▸ **Prompt**:
Reproduce the listing word for word. Skip any image.

▸ **Input data**:
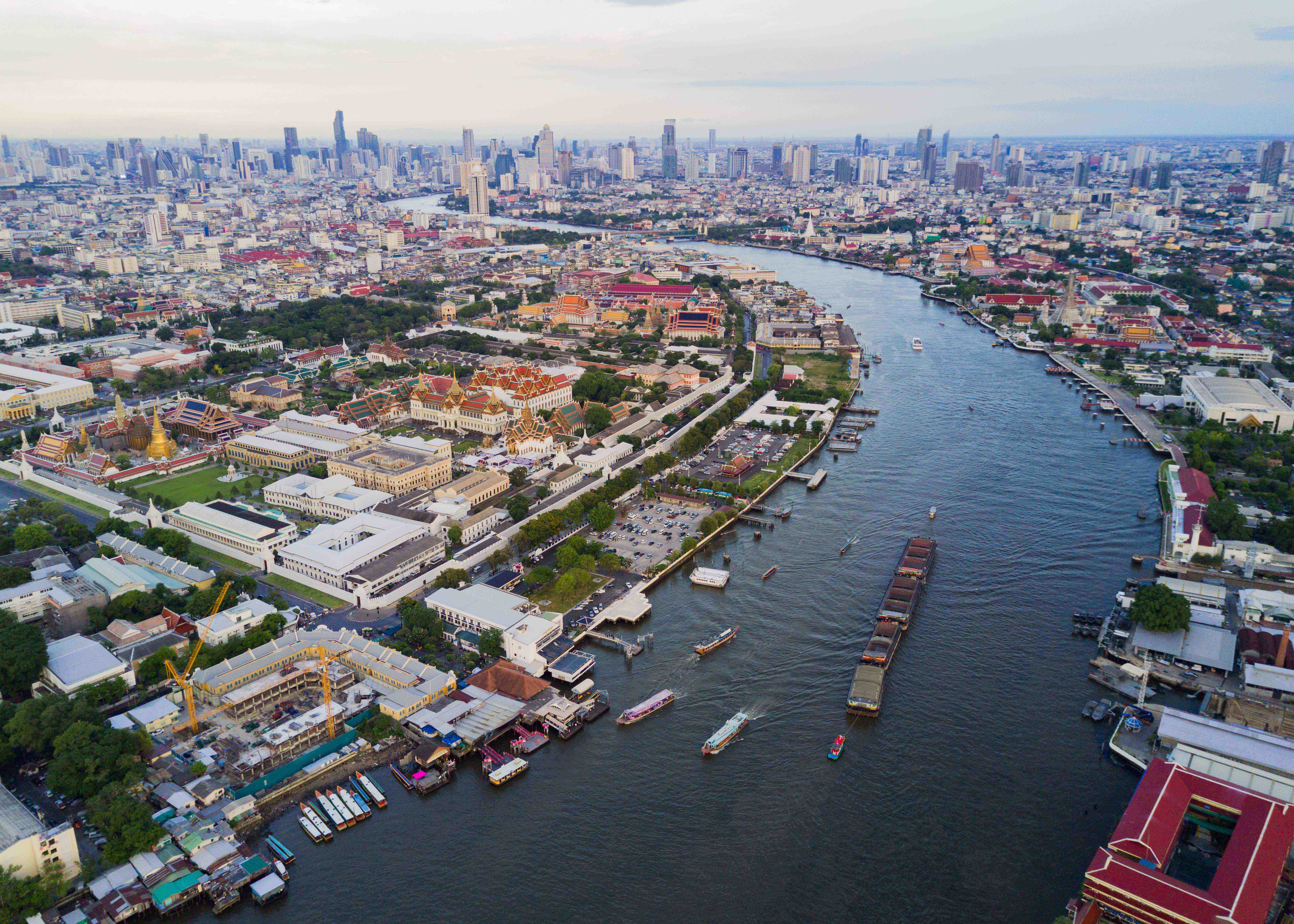 Resilient Waterfronts: Architecture And Planning For Rising Seas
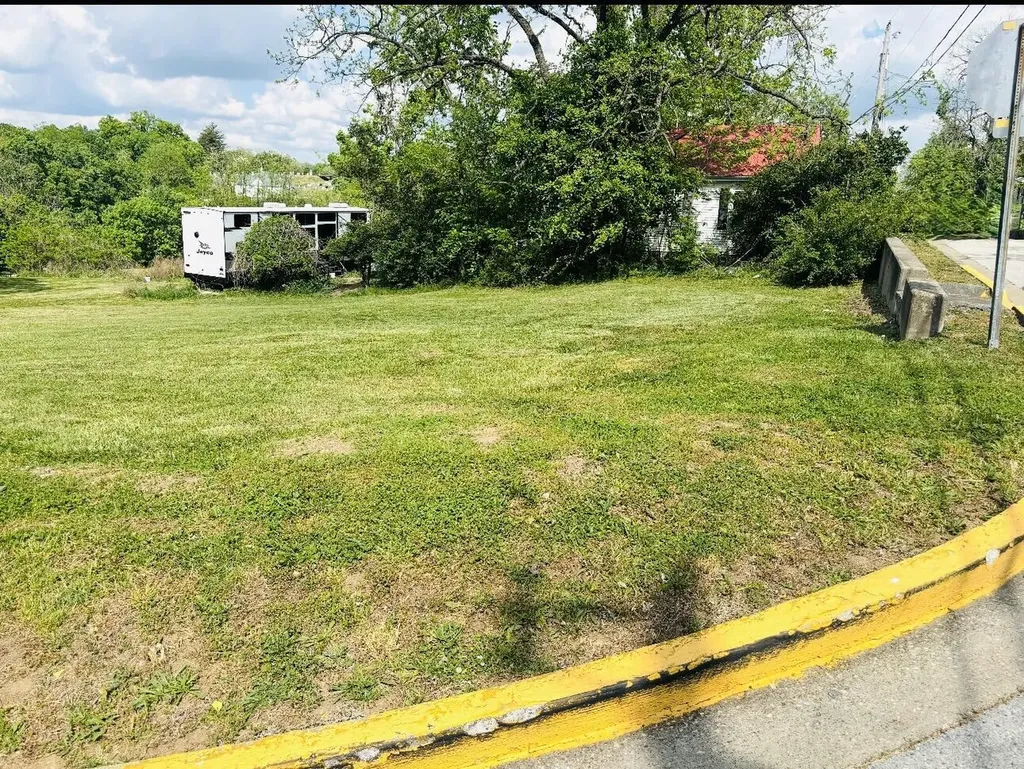 209 Fox Street Mt Sterling KY 40353
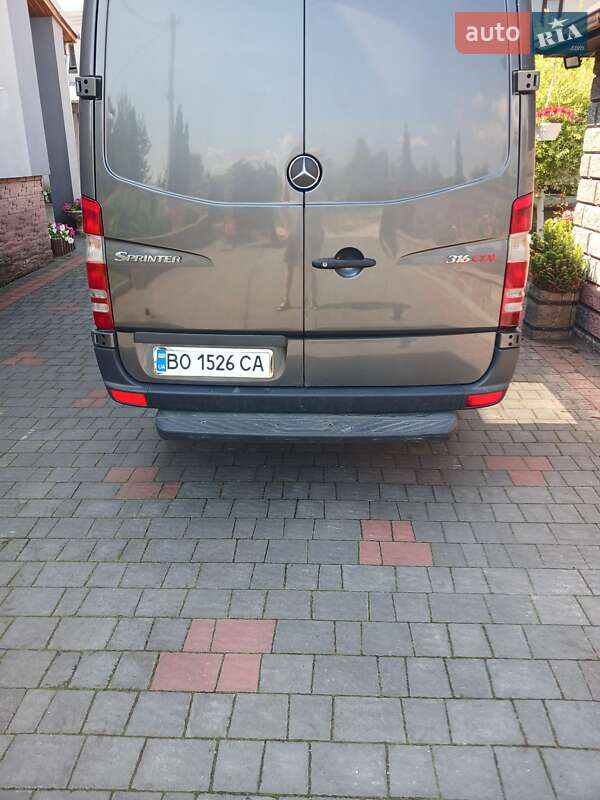 Грузовой фургон Mercedes-Benz Sprinter 2012 в Кременце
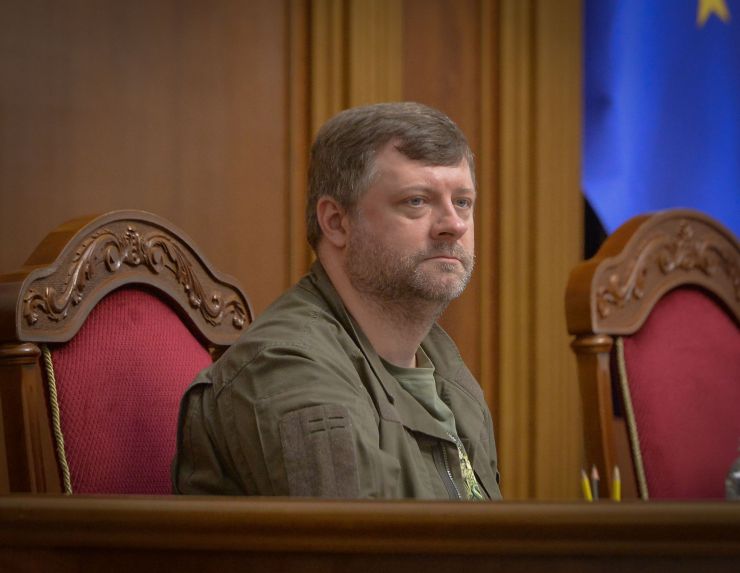 Пленарне засідання Верховної Ради України.

Верховна Рада ухвалила в цілому законопроєкт № 8008 щодо захисту фінансової системи України від дій держави, яка здійснює збройну агресію проти України. Документ підтримали 316 нардепів.

Згідно із законопроєктом, зокрема, передбачено:
- недопущення до керівництва та управління суб’єктами первинного фінансового моніторингу осіб, які є громадянами РФ;
- розширення переліку високоризикових клієнтів громадянами та юридичними особами, які є резидентами РФ, та/або діяльність, яких пов’язана з нею;
- встановлення обов’язку для суб’єктів первинного фінансового моніторингу звітувати в Держфінмоніторинг про порогові операції з суб’єктами, пов’язаними з РФ.
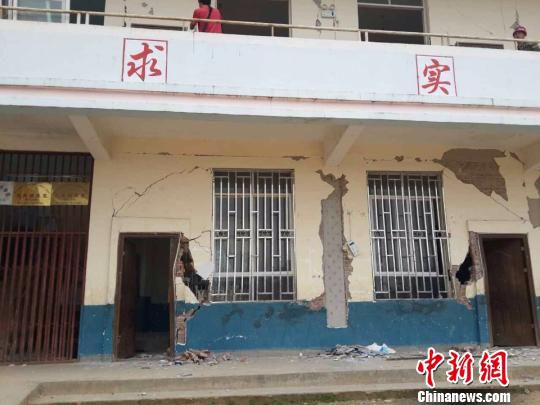 5月24日云南盈江地震 5.6級地震讓一對夫妻失去了婚房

▸ **Answer space**:
 Resilient Waterfronts: Architecture And Planning For Rising Seas
 209 Fox Street Mt Sterling KY 40353
 Грузовой фургон Mercedes-Benz Sprinter 2012 в Кременце
 Пленарне засідання Верховної Ради України.

Верховна Рада ухвалила в цілому законопроєкт № 8008 щодо захисту фінансової системи України від дій держави, яка здійснює збройну агресію проти України. Документ підтримали 316 нардепів.

Згідно із законопроєктом, зокрема, передбачено:
- недопущення до керівництва та управління суб’єктами первинного фінансового моніторингу осіб, які є громадянами РФ;
- розширення переліку високоризикових клієнтів громадянами та юридичними особами, які є резидентами РФ, та/або діяльність, яких пов’язана з нею;
- встановлення обов’язку для суб’єктів первинного фінансового моніторингу звітувати в Держфінмоніторинг про порогові операції з суб’єктами, пов’язаними з РФ.
 5月24日云南盈江地震 5.6級地震讓一對夫妻失去了婚房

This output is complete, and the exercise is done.